● **Problem**: Needed from the data below: every line from the one with "party Crewneck Sweatshirt" up to and including the one with "罗城如何高效办理住房公积金提取？代办服务成新趋势", repeated exactly and with nothing else.

────────────────────────────────────────

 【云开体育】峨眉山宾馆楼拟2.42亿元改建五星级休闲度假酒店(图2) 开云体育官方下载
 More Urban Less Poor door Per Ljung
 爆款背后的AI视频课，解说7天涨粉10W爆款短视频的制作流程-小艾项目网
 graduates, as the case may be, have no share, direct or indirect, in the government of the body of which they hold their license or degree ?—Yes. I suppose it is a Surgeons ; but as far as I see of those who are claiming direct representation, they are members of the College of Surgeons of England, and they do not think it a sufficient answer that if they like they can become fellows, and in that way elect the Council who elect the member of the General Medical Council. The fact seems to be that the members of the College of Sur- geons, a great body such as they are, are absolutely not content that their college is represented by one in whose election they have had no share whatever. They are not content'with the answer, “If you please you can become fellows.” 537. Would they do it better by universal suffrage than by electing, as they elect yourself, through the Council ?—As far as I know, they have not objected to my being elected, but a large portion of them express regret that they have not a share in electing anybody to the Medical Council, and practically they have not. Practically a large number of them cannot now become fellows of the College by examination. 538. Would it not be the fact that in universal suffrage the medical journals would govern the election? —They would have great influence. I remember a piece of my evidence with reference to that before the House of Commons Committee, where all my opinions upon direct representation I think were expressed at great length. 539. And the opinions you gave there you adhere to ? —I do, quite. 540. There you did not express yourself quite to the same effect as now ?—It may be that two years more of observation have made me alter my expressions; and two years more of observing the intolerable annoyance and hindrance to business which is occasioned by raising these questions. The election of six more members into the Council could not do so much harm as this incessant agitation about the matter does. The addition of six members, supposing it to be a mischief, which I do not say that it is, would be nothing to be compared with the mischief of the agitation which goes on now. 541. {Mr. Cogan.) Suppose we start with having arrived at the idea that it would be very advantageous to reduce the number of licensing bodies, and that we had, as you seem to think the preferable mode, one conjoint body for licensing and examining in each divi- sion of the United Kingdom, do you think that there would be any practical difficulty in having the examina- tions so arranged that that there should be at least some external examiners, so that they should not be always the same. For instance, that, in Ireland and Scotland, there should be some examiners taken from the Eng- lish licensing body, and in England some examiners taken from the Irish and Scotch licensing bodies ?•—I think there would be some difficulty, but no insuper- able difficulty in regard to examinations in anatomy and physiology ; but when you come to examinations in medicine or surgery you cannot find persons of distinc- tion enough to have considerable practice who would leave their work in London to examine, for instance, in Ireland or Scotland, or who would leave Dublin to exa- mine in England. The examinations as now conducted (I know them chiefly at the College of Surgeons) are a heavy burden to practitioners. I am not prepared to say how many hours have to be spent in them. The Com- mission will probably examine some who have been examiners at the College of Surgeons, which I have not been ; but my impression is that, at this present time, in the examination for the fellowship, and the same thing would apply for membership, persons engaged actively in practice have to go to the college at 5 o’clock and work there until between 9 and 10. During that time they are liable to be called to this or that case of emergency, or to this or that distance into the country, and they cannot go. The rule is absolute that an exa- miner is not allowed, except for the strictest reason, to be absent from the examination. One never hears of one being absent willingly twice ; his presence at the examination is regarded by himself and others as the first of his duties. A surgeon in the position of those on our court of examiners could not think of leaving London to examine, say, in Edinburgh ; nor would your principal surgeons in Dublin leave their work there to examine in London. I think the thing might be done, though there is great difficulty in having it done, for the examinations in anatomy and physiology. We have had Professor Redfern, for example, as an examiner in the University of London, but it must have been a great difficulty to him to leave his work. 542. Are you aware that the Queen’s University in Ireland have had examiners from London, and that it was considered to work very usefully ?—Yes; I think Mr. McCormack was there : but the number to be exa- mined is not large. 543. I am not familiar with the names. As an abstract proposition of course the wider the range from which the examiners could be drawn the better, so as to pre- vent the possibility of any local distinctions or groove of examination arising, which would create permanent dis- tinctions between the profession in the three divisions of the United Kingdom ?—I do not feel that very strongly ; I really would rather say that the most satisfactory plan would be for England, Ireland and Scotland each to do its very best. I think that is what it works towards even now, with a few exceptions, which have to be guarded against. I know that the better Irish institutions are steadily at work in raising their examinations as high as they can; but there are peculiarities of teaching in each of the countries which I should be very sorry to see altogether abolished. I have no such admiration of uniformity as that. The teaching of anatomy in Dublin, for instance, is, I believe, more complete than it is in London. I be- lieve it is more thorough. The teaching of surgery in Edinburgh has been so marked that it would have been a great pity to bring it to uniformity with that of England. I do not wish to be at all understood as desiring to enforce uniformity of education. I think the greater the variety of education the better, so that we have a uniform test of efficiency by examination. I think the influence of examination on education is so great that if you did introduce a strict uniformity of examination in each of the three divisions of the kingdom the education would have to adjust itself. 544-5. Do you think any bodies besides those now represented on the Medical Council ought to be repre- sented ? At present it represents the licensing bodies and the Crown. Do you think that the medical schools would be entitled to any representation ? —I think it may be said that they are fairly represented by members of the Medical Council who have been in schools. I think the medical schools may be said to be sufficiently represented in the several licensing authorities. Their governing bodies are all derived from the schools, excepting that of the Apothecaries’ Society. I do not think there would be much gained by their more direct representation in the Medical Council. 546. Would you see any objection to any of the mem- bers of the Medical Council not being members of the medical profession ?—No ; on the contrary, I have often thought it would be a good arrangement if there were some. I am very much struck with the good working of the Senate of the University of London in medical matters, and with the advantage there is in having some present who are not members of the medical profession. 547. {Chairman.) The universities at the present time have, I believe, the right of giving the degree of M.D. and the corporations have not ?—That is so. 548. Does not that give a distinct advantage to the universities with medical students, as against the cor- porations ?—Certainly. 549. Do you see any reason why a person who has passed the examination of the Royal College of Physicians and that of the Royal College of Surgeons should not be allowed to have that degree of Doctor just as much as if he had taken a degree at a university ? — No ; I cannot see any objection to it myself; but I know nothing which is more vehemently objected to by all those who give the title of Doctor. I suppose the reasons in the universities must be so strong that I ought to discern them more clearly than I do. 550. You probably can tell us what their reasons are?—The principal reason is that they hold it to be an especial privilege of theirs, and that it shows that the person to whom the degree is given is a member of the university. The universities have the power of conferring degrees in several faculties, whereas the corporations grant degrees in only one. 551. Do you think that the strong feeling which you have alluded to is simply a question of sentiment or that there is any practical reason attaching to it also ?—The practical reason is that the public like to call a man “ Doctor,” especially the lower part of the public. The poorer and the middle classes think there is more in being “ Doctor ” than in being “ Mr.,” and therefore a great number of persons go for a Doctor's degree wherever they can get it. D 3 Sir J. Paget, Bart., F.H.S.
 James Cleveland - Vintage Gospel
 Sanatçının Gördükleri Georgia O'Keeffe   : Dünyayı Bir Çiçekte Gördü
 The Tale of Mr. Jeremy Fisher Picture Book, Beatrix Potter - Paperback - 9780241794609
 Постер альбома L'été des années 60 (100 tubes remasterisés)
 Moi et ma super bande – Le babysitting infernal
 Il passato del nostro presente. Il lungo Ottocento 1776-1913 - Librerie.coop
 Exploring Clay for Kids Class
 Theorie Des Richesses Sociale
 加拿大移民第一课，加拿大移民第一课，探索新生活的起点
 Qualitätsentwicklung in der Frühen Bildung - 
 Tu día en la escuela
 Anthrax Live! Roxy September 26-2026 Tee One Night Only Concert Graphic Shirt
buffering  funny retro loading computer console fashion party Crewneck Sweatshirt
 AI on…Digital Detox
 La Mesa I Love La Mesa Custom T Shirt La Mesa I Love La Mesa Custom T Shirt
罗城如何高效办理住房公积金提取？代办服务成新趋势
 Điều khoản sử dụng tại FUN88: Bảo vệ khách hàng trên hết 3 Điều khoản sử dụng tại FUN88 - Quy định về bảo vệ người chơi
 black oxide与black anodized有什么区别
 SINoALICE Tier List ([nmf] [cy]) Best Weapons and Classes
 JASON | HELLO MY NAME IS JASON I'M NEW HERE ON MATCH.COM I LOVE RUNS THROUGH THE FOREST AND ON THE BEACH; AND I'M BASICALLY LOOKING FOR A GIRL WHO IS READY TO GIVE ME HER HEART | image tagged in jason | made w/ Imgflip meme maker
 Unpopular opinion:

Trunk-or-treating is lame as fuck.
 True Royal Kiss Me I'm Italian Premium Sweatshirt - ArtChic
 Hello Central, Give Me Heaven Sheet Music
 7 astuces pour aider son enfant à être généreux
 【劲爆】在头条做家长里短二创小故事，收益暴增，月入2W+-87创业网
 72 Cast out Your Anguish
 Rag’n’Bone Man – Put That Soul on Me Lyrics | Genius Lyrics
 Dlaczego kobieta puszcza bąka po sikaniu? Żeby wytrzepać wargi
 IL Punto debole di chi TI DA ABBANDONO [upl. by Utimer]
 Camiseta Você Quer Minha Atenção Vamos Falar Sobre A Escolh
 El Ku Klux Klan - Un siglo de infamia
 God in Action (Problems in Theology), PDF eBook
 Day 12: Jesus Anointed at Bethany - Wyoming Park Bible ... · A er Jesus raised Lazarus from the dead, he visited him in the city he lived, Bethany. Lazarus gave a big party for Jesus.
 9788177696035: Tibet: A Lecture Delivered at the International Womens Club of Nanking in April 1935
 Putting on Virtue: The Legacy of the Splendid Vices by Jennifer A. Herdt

────────────────────────────────────────

● **Solution to this exercise**:
buffering  funny retro loading computer console fashion party Crewneck Sweatshirt
 AI on…Digital Detox
 La Mesa I Love La Mesa Custom T Shirt La Mesa I Love La Mesa Custom T Shirt
罗城如何高效办理住房公积金提取？代办服务成新趋势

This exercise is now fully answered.